• **TASK GOAL**
Starting with the first line and ending with the one that holds "SILVER RING HANDLE FRONT - BOX of 1000", retype the entries exactly.

+ + + + +

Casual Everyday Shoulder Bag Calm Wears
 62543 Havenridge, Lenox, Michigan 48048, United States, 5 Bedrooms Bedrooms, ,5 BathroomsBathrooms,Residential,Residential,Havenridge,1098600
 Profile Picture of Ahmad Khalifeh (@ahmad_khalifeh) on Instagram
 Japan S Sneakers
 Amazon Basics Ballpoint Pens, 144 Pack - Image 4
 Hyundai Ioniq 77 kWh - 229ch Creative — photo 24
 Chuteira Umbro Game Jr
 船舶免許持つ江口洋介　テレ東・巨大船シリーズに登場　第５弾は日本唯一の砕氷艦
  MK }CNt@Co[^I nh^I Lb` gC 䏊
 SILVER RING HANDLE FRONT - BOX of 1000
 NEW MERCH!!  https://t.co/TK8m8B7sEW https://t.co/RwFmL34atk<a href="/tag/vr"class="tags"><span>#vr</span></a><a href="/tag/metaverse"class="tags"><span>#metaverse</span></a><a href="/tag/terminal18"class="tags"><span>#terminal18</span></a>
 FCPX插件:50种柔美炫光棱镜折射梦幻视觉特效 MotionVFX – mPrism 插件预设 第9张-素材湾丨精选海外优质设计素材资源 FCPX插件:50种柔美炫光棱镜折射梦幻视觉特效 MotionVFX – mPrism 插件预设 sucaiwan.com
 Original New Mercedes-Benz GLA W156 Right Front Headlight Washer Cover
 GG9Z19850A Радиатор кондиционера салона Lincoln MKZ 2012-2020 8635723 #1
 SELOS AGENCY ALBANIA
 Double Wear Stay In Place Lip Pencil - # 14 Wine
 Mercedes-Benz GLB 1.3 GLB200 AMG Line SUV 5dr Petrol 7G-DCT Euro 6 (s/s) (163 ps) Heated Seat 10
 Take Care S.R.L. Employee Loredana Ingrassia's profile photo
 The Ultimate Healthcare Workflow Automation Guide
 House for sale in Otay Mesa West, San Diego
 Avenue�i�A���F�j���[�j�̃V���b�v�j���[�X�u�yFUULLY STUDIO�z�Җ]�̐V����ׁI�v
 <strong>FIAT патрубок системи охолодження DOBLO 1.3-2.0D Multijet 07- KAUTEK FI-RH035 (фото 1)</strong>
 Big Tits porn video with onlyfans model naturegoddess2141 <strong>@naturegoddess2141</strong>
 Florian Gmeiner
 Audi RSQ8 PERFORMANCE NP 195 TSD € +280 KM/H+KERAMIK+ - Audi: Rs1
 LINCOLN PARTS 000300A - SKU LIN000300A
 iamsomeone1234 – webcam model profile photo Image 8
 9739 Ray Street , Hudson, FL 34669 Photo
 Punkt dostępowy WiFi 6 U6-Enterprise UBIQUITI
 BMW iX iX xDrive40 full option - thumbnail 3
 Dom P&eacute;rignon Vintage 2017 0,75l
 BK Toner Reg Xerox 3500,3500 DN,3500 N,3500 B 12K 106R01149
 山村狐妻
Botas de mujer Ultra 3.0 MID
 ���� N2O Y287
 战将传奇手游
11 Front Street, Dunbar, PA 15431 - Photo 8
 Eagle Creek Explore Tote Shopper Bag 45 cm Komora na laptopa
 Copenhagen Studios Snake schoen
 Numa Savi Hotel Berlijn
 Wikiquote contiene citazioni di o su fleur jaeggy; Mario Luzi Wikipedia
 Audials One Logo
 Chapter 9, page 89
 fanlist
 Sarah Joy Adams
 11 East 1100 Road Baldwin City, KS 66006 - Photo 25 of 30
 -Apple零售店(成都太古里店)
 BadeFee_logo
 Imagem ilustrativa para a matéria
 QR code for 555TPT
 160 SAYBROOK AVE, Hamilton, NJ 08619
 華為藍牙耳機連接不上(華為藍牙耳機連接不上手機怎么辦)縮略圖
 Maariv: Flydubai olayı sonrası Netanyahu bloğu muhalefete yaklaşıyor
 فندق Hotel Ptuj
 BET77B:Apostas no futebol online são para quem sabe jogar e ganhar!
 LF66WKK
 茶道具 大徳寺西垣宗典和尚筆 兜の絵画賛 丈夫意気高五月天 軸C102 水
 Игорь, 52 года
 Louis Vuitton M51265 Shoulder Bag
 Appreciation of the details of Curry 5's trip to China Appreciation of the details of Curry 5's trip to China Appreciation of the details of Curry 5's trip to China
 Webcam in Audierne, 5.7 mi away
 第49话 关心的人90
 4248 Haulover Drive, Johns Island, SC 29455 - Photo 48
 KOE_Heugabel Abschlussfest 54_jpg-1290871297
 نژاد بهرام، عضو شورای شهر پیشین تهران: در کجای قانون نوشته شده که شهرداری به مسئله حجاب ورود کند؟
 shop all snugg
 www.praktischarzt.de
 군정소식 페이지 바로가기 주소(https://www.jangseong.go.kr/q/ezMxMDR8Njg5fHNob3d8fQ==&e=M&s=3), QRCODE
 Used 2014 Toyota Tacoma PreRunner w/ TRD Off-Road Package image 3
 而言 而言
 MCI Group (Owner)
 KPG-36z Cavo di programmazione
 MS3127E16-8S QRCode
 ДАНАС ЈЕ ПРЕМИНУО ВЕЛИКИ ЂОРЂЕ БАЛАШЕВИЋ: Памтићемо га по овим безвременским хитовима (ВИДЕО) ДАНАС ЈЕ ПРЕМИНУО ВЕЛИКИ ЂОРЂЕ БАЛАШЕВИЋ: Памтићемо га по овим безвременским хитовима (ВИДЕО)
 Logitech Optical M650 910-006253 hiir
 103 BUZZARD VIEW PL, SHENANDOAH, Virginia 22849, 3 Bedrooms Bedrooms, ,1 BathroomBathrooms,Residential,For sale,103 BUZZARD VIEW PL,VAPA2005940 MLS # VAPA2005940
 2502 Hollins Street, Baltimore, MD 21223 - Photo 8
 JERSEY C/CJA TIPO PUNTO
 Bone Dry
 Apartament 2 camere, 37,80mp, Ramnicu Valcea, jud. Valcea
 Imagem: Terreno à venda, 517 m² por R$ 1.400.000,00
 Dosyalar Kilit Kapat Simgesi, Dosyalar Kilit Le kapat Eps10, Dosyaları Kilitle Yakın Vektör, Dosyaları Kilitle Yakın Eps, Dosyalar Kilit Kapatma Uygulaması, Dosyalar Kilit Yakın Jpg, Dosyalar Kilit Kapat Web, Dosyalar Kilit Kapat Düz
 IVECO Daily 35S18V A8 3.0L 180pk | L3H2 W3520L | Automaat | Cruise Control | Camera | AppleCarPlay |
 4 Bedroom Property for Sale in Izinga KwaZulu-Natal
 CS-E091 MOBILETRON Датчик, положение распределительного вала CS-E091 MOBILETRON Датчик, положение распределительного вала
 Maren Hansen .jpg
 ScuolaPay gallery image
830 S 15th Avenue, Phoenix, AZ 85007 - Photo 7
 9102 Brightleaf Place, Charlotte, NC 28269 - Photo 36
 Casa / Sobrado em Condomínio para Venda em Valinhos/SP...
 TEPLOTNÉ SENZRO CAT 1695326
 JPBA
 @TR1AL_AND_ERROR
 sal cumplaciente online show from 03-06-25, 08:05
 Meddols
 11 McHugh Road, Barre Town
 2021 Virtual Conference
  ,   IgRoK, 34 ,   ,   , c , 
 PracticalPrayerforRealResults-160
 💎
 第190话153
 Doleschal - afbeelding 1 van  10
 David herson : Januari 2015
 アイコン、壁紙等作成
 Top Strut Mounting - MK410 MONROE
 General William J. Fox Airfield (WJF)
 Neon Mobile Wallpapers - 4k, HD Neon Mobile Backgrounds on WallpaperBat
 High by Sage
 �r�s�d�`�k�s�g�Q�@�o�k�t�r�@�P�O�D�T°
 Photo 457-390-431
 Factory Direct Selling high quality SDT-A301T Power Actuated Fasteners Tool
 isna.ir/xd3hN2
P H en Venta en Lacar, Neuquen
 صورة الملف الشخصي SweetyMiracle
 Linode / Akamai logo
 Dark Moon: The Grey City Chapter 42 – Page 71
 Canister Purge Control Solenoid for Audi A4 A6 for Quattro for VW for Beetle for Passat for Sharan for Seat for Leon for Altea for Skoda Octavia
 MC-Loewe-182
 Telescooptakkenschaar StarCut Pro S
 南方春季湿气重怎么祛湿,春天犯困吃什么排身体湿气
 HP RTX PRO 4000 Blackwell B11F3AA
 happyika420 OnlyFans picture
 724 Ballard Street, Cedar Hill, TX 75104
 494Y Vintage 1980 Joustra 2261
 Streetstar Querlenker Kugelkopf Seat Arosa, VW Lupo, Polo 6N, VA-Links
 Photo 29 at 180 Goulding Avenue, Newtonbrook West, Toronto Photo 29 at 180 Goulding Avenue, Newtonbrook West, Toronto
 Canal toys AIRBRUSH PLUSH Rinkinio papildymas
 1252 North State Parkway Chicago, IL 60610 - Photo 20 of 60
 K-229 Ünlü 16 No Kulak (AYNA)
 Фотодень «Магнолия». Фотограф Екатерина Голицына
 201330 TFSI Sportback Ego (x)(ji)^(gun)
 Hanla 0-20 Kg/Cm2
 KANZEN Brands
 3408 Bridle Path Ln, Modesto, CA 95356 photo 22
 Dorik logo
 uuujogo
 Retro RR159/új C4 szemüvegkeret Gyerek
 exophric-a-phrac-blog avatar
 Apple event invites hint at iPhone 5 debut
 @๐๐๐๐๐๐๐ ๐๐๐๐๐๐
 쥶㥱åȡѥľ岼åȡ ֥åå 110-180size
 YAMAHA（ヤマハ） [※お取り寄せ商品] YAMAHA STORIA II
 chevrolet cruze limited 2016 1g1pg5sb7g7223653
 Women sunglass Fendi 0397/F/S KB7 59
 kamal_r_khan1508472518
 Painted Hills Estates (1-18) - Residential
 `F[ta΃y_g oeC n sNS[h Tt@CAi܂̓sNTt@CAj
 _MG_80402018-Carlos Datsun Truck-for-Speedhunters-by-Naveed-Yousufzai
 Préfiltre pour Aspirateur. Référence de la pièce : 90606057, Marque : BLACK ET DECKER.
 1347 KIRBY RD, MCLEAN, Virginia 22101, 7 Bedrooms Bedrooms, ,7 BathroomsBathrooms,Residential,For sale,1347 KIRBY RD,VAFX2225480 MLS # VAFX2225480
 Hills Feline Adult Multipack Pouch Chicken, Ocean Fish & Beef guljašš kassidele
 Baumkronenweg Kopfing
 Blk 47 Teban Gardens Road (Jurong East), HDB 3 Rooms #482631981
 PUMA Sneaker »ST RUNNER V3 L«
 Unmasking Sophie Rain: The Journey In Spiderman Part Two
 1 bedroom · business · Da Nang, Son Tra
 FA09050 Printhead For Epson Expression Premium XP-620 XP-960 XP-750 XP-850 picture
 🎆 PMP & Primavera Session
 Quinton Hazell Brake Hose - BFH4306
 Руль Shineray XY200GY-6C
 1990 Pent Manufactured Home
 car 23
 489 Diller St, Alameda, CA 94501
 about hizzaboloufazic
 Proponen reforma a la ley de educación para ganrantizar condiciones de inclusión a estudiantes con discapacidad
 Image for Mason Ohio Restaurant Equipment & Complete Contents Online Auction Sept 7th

+ + + + +

• **WRITTEN ANSWER**
Casual Everyday Shoulder Bag Calm Wears
 62543 Havenridge, Lenox, Michigan 48048, United States, 5 Bedrooms Bedrooms, ,5 BathroomsBathrooms,Residential,Residential,Havenridge,1098600
 Profile Picture of Ahmad Khalifeh (@ahmad_khalifeh) on Instagram
 Japan S Sneakers
 Amazon Basics Ballpoint Pens, 144 Pack - Image 4
 Hyundai Ioniq 77 kWh - 229ch Creative — photo 24
 Chuteira Umbro Game Jr
 船舶免許持つ江口洋介　テレ東・巨大船シリーズに登場　第５弾は日本唯一の砕氷艦
  MK }CNt@Co[^I nh^I Lb` gC 䏊
 SILVER RING HANDLE FRONT - BOX of 1000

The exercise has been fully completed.